What is needed: Quote the data below in full, minus the images.
[[ Material for this exercise open ]]
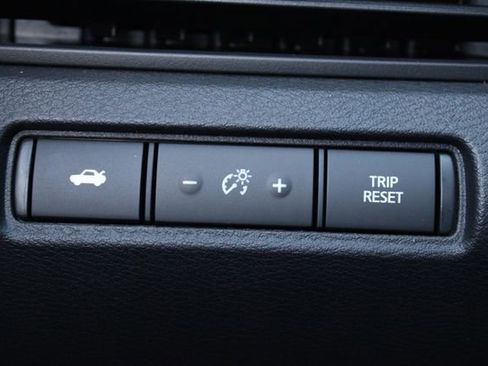 New 2025 Nissan Altima 2.5 S image 20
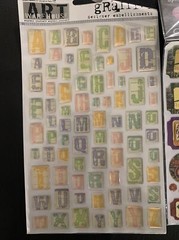 SCRAPBOOK LOT~Mixed Themes NEW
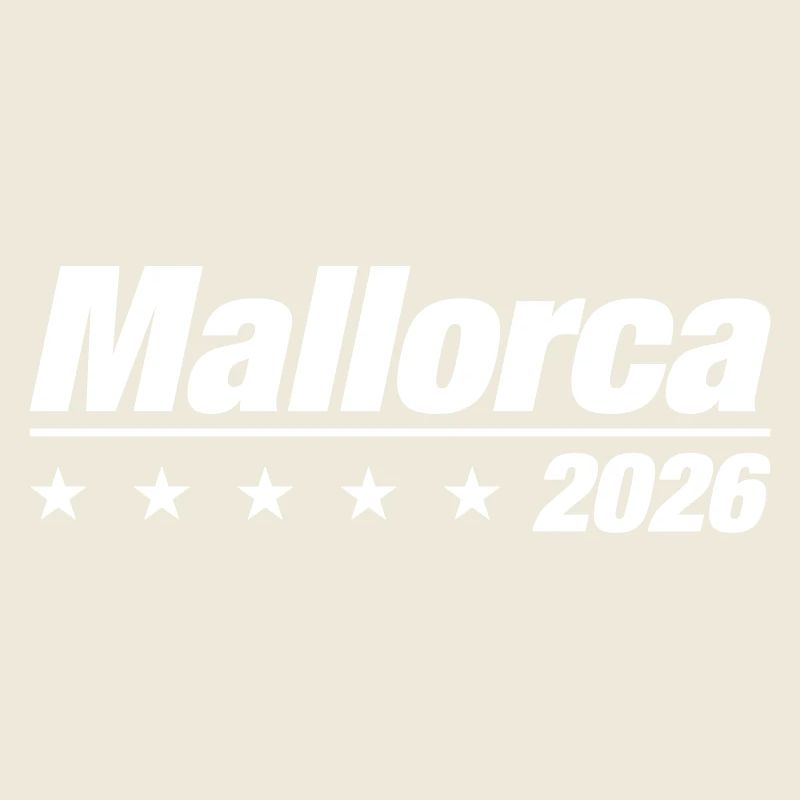Mallorca 2026 Malle Urlaub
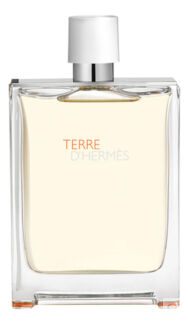 Туалетная вода Hermes Terre D'Hermes Eau Tres Fraiche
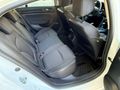 Sahibinden Renault Megane 1.5 Blue DCI Touch 2020 Model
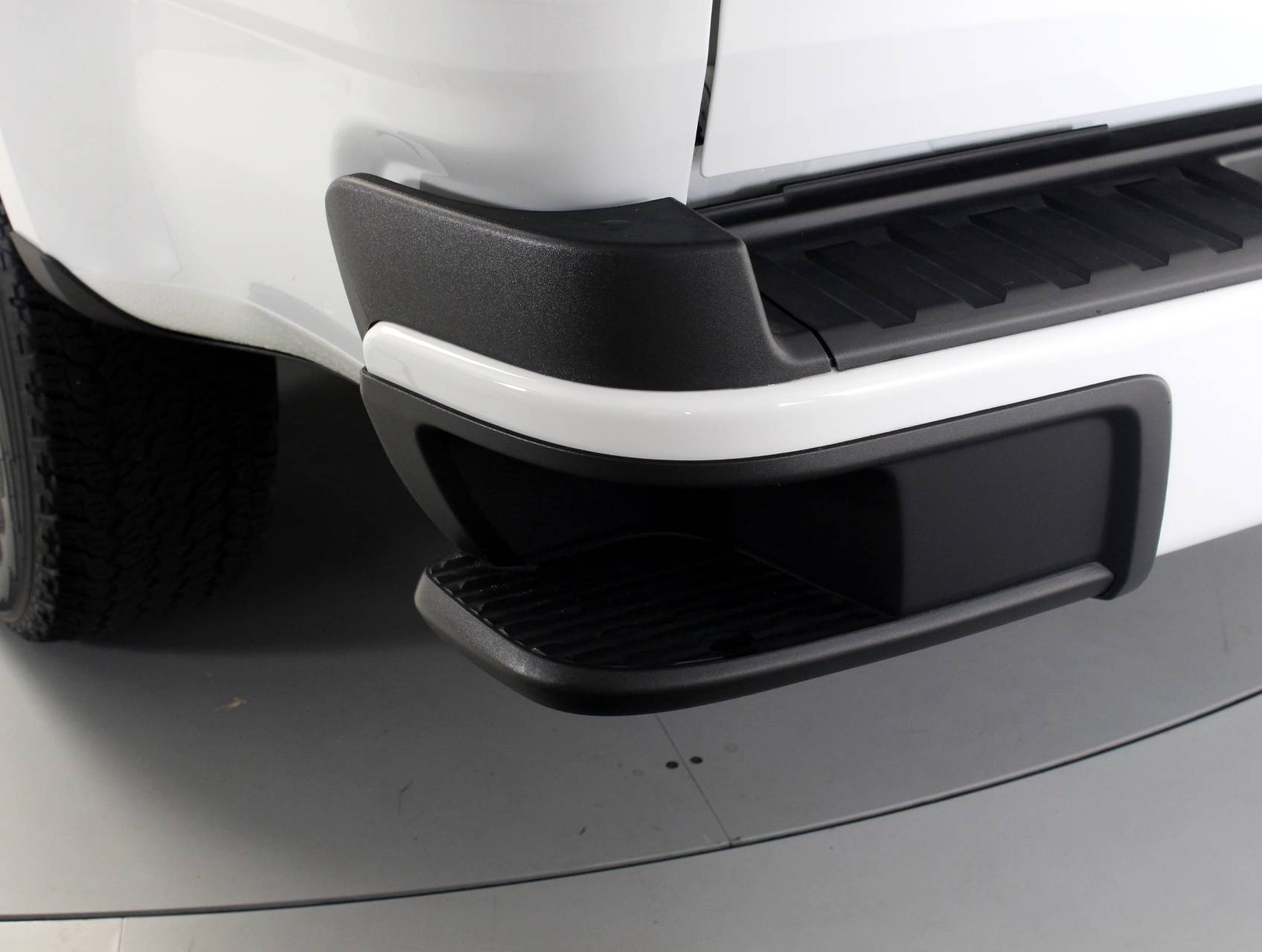 Florida Fine Cars - Used CHEVROLET COLORADO 2015 HOLLYWOOD Z71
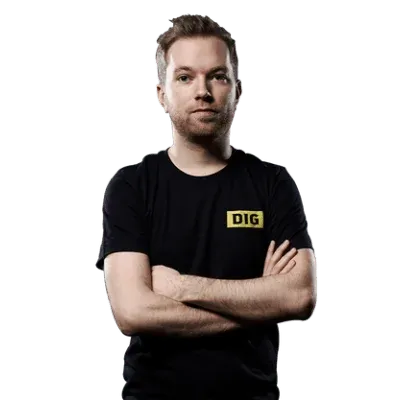 Xizt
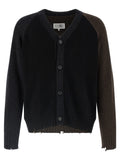 MM6 MAISON MARGIELA megztinis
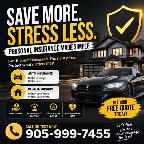 Quality Insurance Services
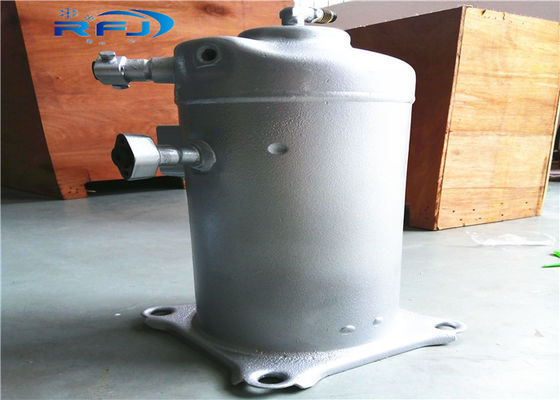ZMD18KVE-TFD-275 Kompresor Scroll 3 Phase Marine Copeland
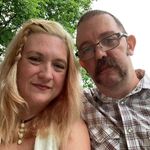 Sean Vines - @vinessean - Instagram
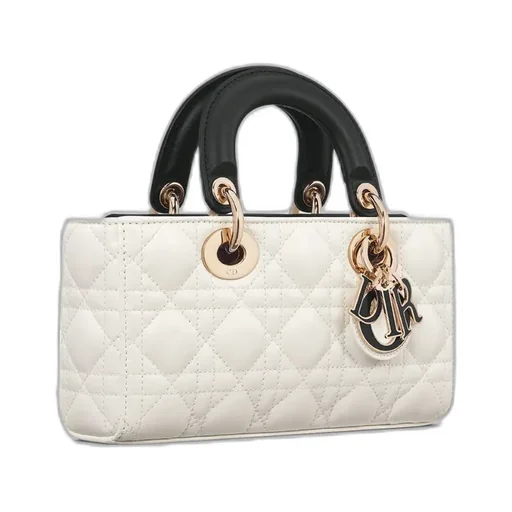Small Lady D-Joy Bag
[[ Material for this exercise closed ]]
Answer to this exercise:
 New 2025 Nissan Altima 2.5 S image 20
 SCRAPBOOK LOT~Mixed Themes NEW
Mallorca 2026 Malle Urlaub
 Туалетная вода Hermes Terre D'Hermes Eau Tres Fraiche
 Sahibinden Renault Megane 1.5 Blue DCI Touch 2020 Model
 Florida Fine Cars - Used CHEVROLET COLORADO 2015 HOLLYWOOD Z71
 Xizt
 MM6 MAISON MARGIELA megztinis
 Quality Insurance Services
ZMD18KVE-TFD-275 Kompresor Scroll 3 Phase Marine Copeland
 Sean Vines - @vinessean - Instagram
Small Lady D-Joy Bag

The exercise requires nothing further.